▸ Exercise brief
Exclude the pictures and retype the entries as written.

(Captioned web images)

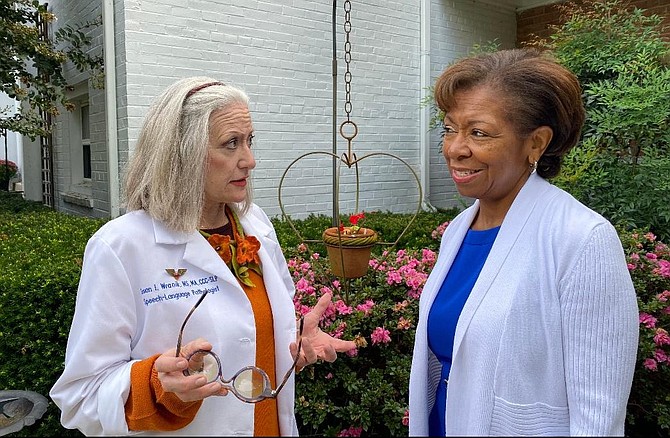 Speech language pathologist Susan I. Wranik, left, talks with Deborah Tompkins Johnson on communicating effectively with dementia patients.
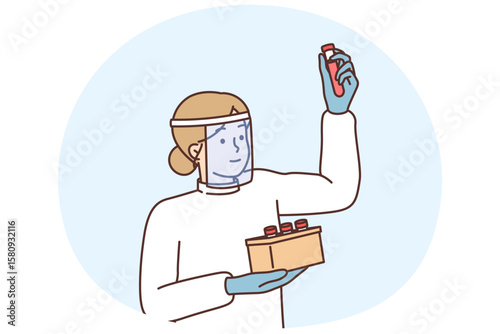Woman nurse holds test tube with patient blood to make analysis for presence of virus or infection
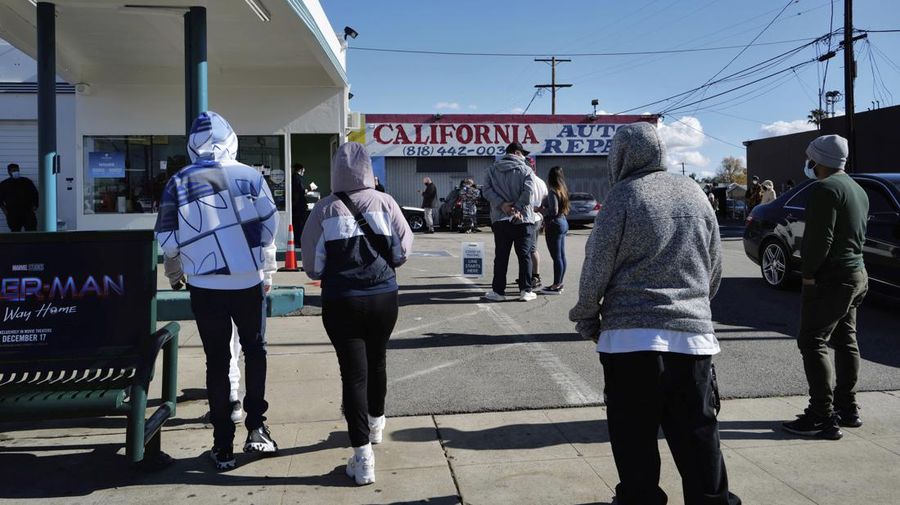 People line up for a free COVID-19 rapid test at a gas station in the Reseda section of Los Angeles on Sunday, Dec. 26, 2021, as California braces for a post-holiday virus surge. (AP Photo/Richard Vogel)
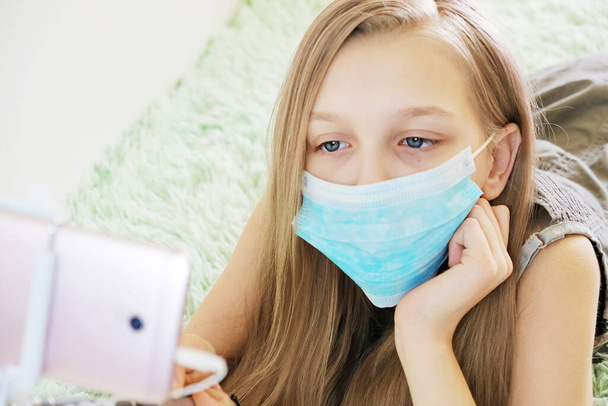 Girl puts on a preventive medical mask, has fun at home, taking pictures on the phone with help of facial gestures concept of home quarantine during global infectious coronavirus quarantine - Photo, image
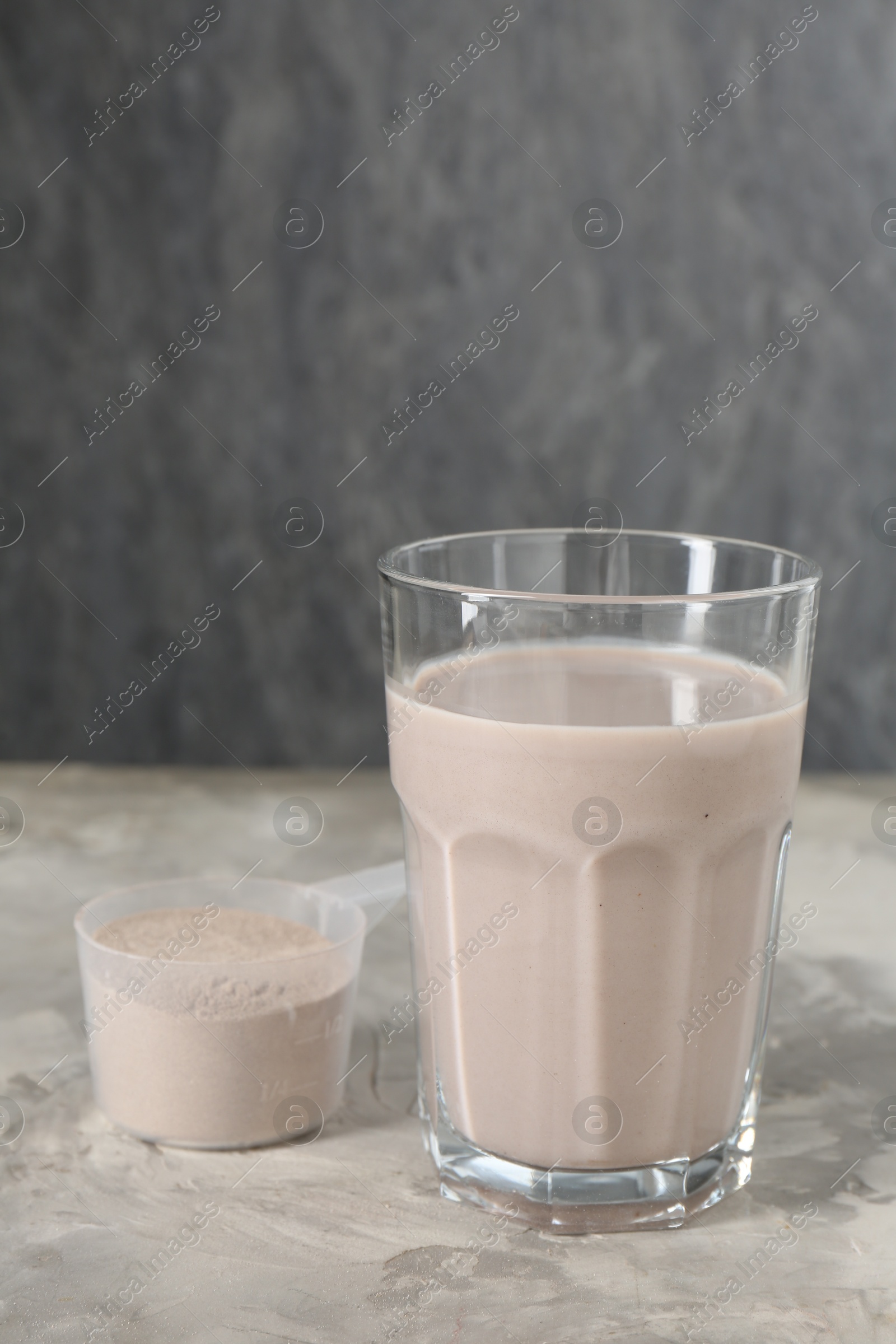 Photo of Delicious protein shake in glass and scoop with powder on grey table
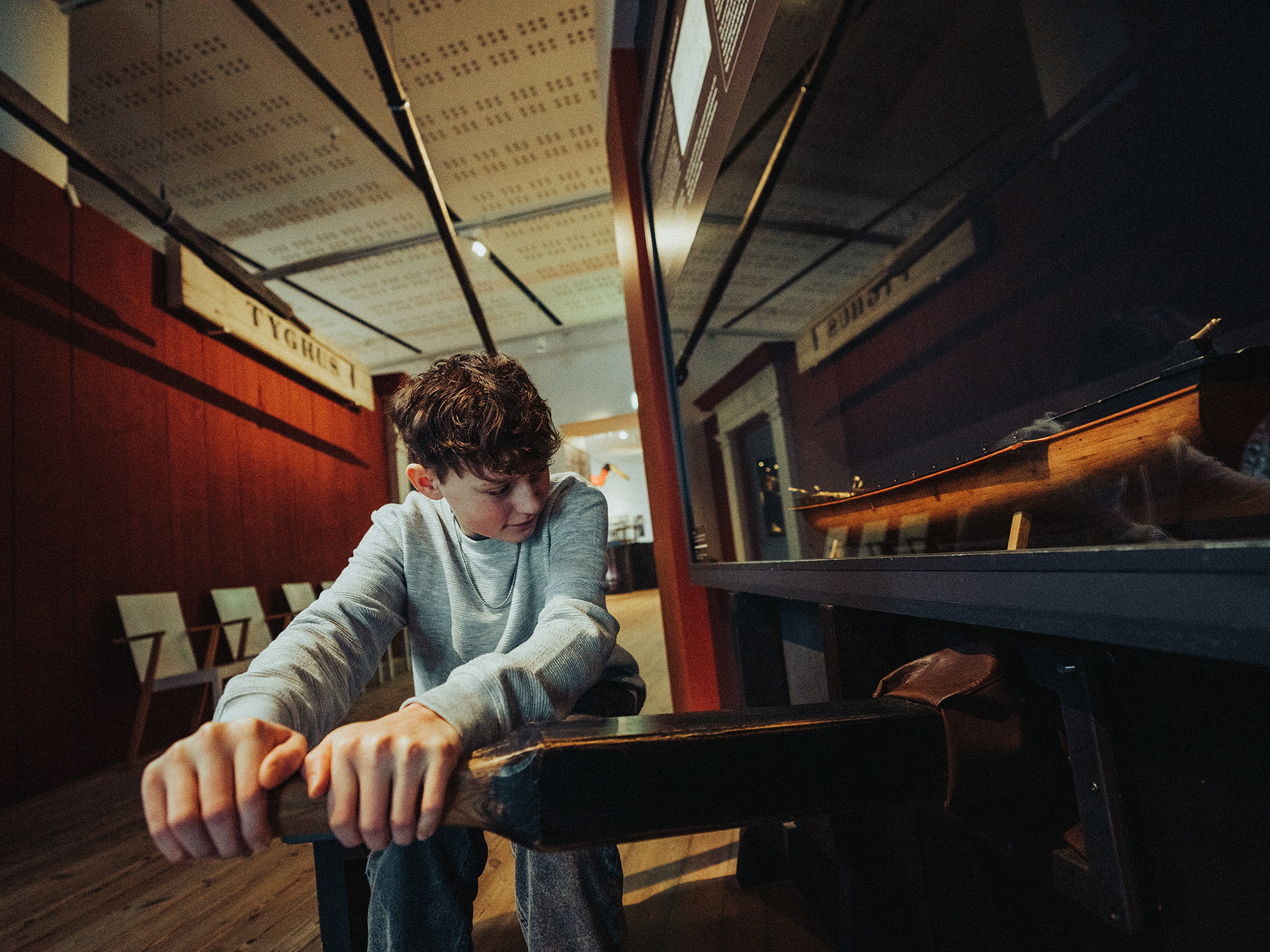 Ett barn provar en interaktiv aktivitet på Marinmuseum genom att dra i en stor åra för att känna hur tungt det är att ro.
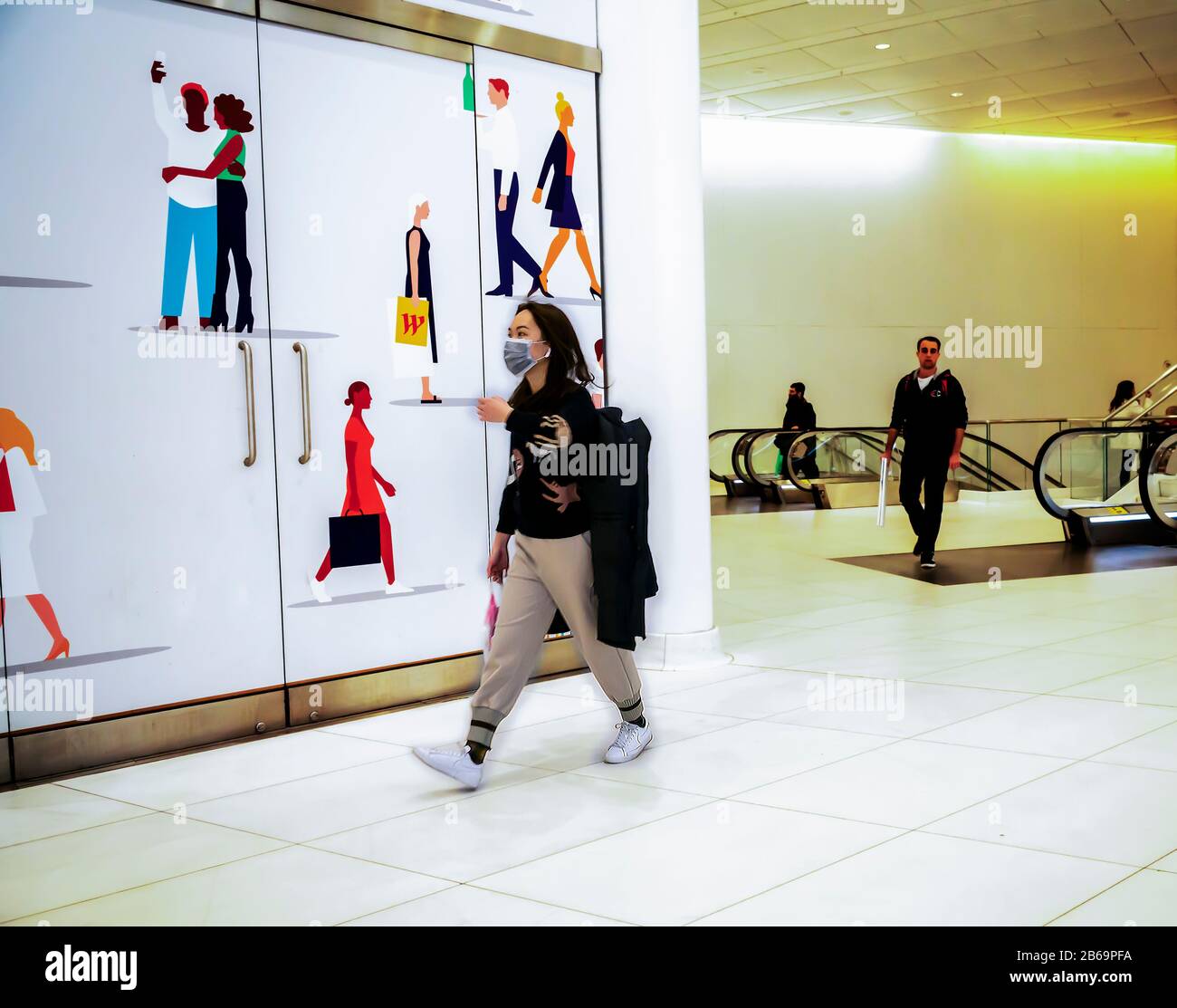 Une femme porte un masque chirurgical dans le Westfield Mall de New York le jeudi 5 mars 2020. En raison des préoccupations concernant la propagation du coronavirus, les gens achètent des masques de visage bien que le CDC indique que de bonnes techniques de lavage des mains sont plus efficaces pour prévenir la propagation du virus. (© Richard B. Levine) Banque D'Images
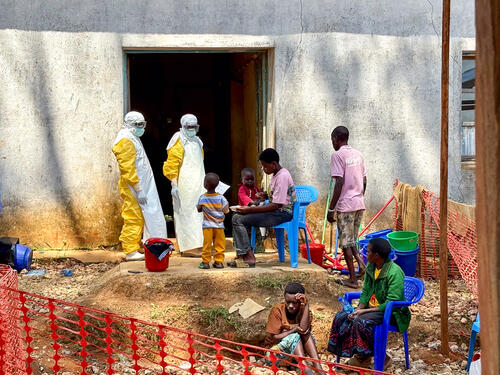 Two healthcare workers speak with patients admitted for confirmed Ebola disease at the MSF ETC in Bambu.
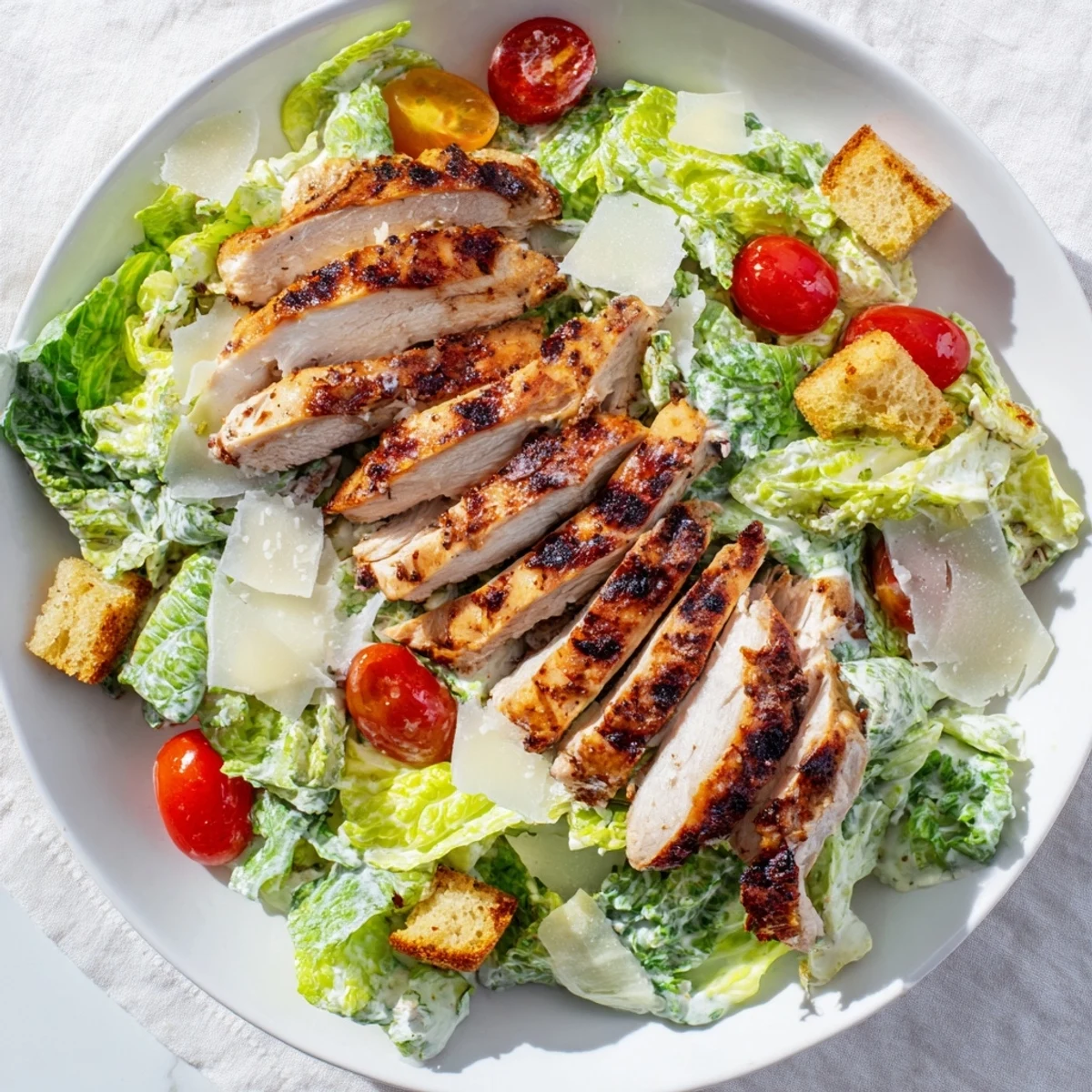 Close-up of tender grilled chicken strips on a bed of crisp romaine lettuce, smothered in a creamy yogurt Caesar dressing. Finished with homemade croutons and shaved Parmesan for a high-protein meal.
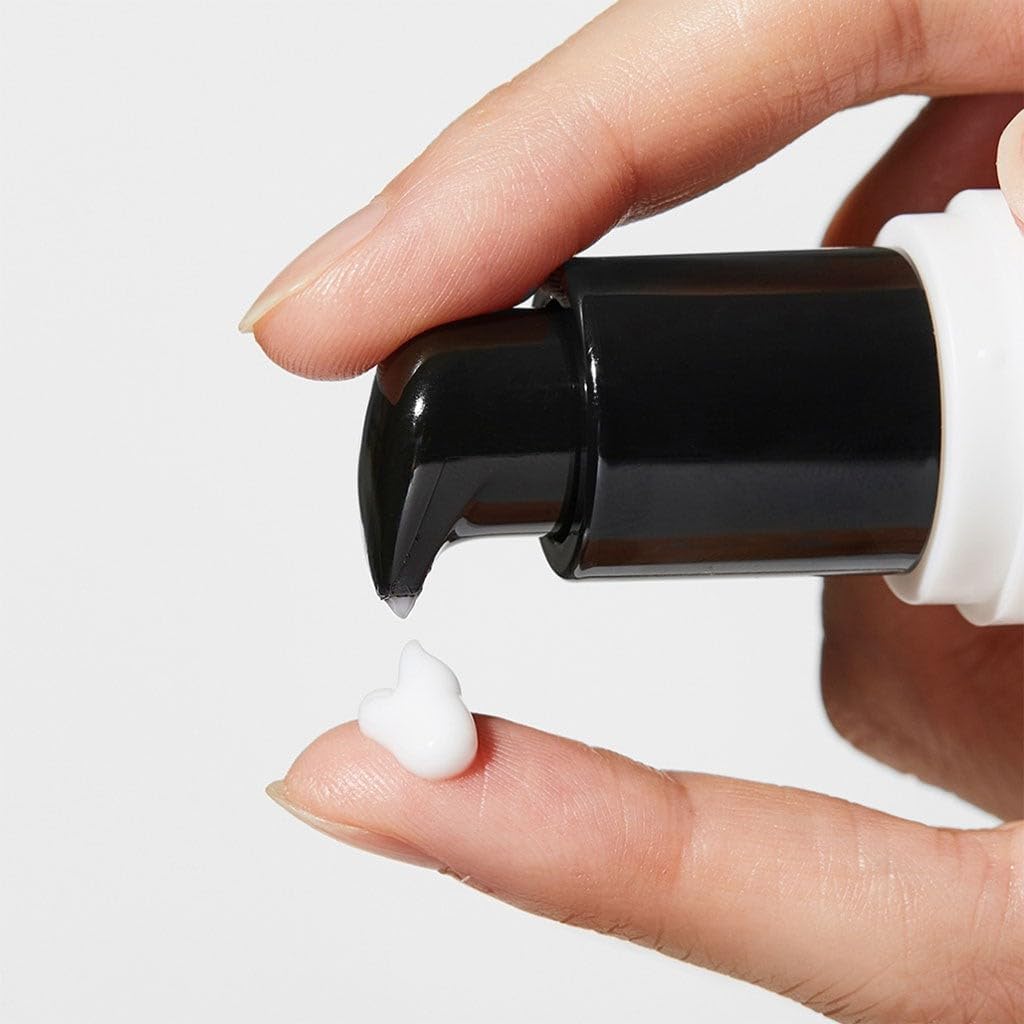 Applying COSRX Snail Peptide Eye Cream for hydrated under eyes and smoother fine lines around the eye area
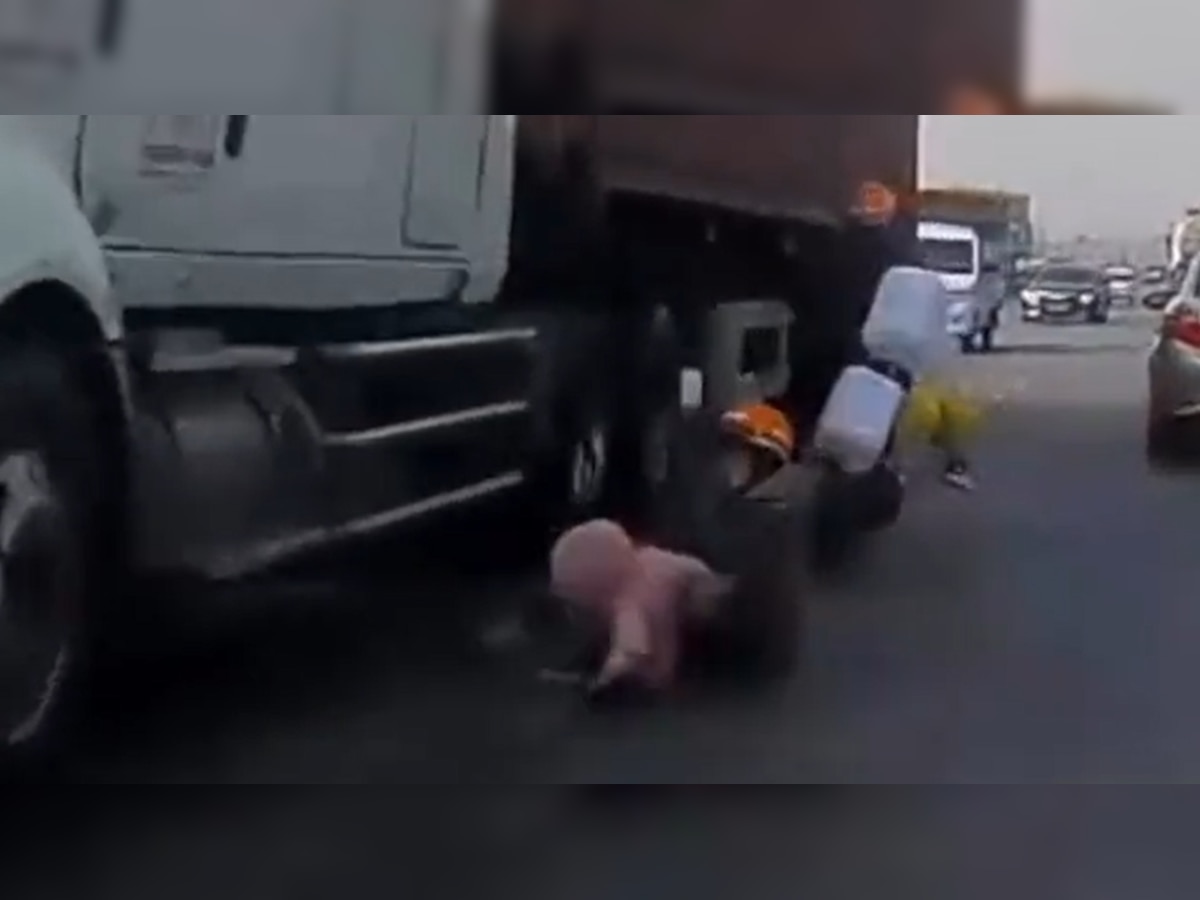 Viral video: Woman saves son from getting crushed under truck with lightning fast response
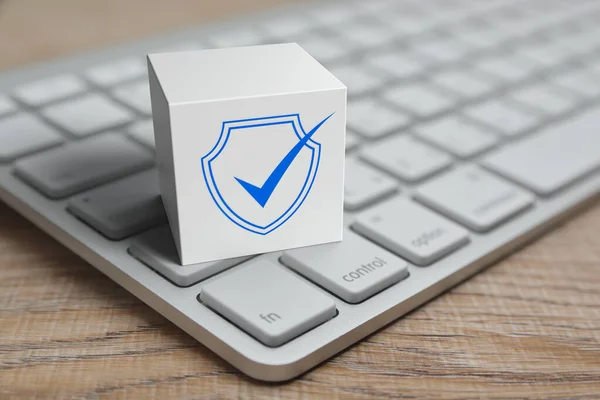 Security shield with check mark flat icon on white block cube with modern computer keyboard on wooden table, Technology internet cyber security and anti virus online concept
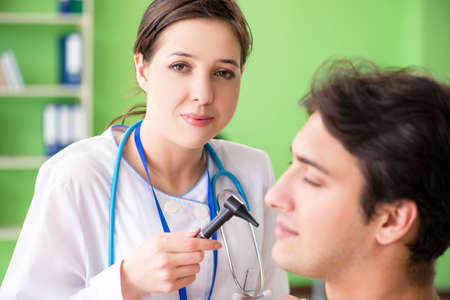 Female doctor checking patients ear during medical examinationの写真素材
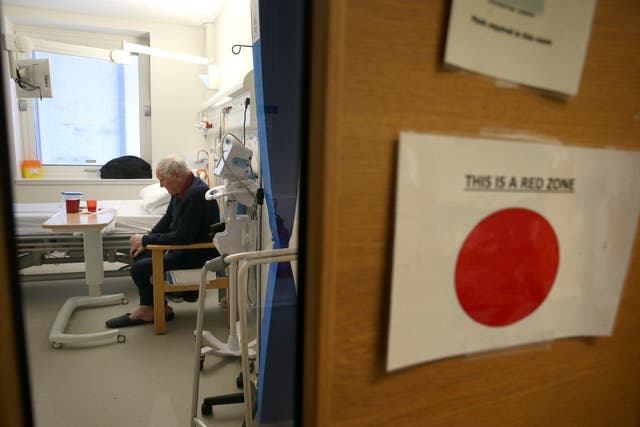 Scotland’s hospitals are dealing with a record number of Covid patients, the latest figures showed (Andrew Milligan/PA)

▸ Your response
 Speech language pathologist Susan I. Wranik, left, talks with Deborah Tompkins Johnson on communicating effectively with dementia patients.
Woman nurse holds test tube with patient blood to make analysis for presence of virus or infection
 People line up for a free COVID-19 rapid test at a gas station in the Reseda section of Los Angeles on Sunday, Dec. 26, 2021, as California braces for a post-holiday virus surge. (AP Photo/Richard Vogel)
 Girl puts on a preventive medical mask, has fun at home, taking pictures on the phone with help of facial gestures concept of home quarantine during global infectious coronavirus quarantine - Photo, image
 Photo of Delicious protein shake in glass and scoop with powder on grey table
 Ett barn provar en interaktiv aktivitet på Marinmuseum genom att dra i en stor åra för att känna hur tungt det är att ro.
 Une femme porte un masque chirurgical dans le Westfield Mall de New York le jeudi 5 mars 2020. En raison des préoccupations concernant la propagation du coronavirus, les gens achètent des masques de visage bien que le CDC indique que de bonnes techniques de lavage des mains sont plus efficaces pour prévenir la propagation du virus. (© Richard B. Levine) Banque D'Images
 Two healthcare workers speak with patients admitted for confirmed Ebola disease at the MSF ETC in Bambu.
 Close-up of tender grilled chicken strips on a bed of crisp romaine lettuce, smothered in a creamy yogurt Caesar dressing. Finished with homemade croutons and shaved Parmesan for a high-protein meal.
 Applying COSRX Snail Peptide Eye Cream for hydrated under eyes and smoother fine lines around the eye area
 Viral video: Woman saves son from getting crushed under truck with lightning fast response
 Security shield with check mark flat icon on white block cube with modern computer keyboard on wooden table, Technology internet cyber security and anti virus online concept
 Female doctor checking patients ear during medical examinationの写真素材
 Scotland’s hospitals are dealing with a record number of Covid patients, the latest figures showed (Andrew Milligan/PA)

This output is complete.